Intercountry statistics show that a country’s export of oil and gas hinders its democratic development, prevents the growth of human capital, and destroys other sources of national income. Each 1 per cent increase in hydrocarbon revenue is associated with a 0.2 per cent decrease in other revenues. 21 But there are countries that have dealt with their oil more successfully than others. The main conclusion from the literature about the resource curse is that it is not necessarily fatal. Serious and concentrated effort, based on knowledge of the danger, can overcome it. The resource dependency can be seen not as a curse or predestination but, rather, as a free choice, a manifestation of political will. But this will depends on the changing conditions, prices, and much else. The higher the price of oil and the less productive the remaining part of the national economy, the more tempting is the trap of
Yegor Gaidar, Russia’s deputy prime minister and minister of finances in the early 1990s, explained the very collapse of the Soviet Union by the instability of oil prices and the failure of diversification. 22 Nigeria, Iran, Libya and Venezuela are other historic examples of the oil curse. The figures speak of the flight of capital, the growth of inequality, patriarchy and inefficiency – typical features of petrostates.

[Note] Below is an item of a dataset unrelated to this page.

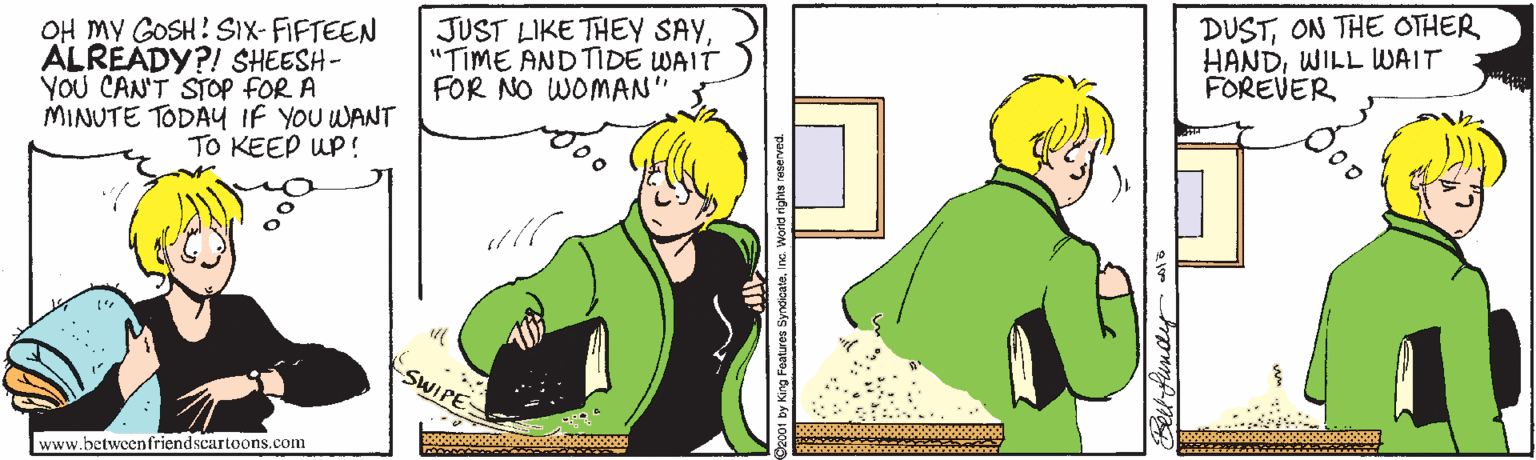 Sleeve OCR: OH MY GOSH! SIX-FIFTEEN ALREADY?! SHEESH- YOU CAN'T STOP FOR A MINUTE TODAY IF YOU WANT TO KEEP UP! JUST LIKE THEY SAY"TIME AND TIDE WAIT FOR NO WOMAN DUSTON THE OTHER HANDWILL WAIT FOREVER SWIPE www.betweenfriendscartoons.com OH MY GOSH! SIX-FIFTEEN ALREADY?! SHEESH- YOU CAN'T STOP FOR A MINUTE TODAY IF YOU WANT TO KEEP UP! JUST LIKE THEY SAY"TIME AND TIDE WAIT FOR NO WOMAN DUSTON THE OTHER HANDWILL WAIT FOREVER SWIPE www.betweenfriendscartoons.com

Oil provides fuel and fuel gives speed – one of the core values of modern patriarchy. Ever since the invention of the assembly line, the car has been an exemplary object of male consumption. More and more workers are involved in their production, more and more cars roll off the assembly line, more and more workers buy them, they make more and more cars – and the cars burn more and more petrol.
Comparing the position of women in different Arab countries, Michael Ross has shown that women have more years of education and are more likely to have a job in countries without oil. The reason is that such countries develop other production industries – often textiles. While textile manufacturing produces less rent than oil, it allows for greater gender and class equality. All these countries are Muslim, but the difference is very significant: in some countries women make up a quarter of the workforce, in others they are less than 5 per cent. 23 According to United Nations statistics, throughout the world the extraction of mineral resources is a sector of the economy which, like the military-industrial complex, is characterised by extreme gender inequality. 24
It would be interesting to apply Ross’s comparative method to Russia vs. Ukraine, Azerbaijan vs. Armenia, or Kazakhstan vs. Kyrgyzstan. In Russia, only 1 per cent of the population is employed in the gas and oil industries, and they are mostly men. One should add the 5 per cent of the population who are employed in the security trade – guarding pipelines, protecting revenue streams and taking care of the oiligarchs and their assets. All these soldiers, watchmen and bodyguards are also men. There is also a large group of lawyers (in Russia, making up approximately 1 per cent of the population – much higher than in Germany), who are employed in resolving conflicts. Just as protection from pirates was one of the key tasks in the tobacco and sugar trade, so the work of security personnel ranks highly in oil-dependent economies. The weak point is not extraction but transportation, and especially its security. For this reason, people from the oil industry rarely become leaders in oil-extracting countries; time after time, their leaders turn out to be generals or former secret service agents – specialists in security. Since they serve the most – or even the only – viable part of the national economy, these men have the most attractive salaries and benefits. Whoever guards something, owns it.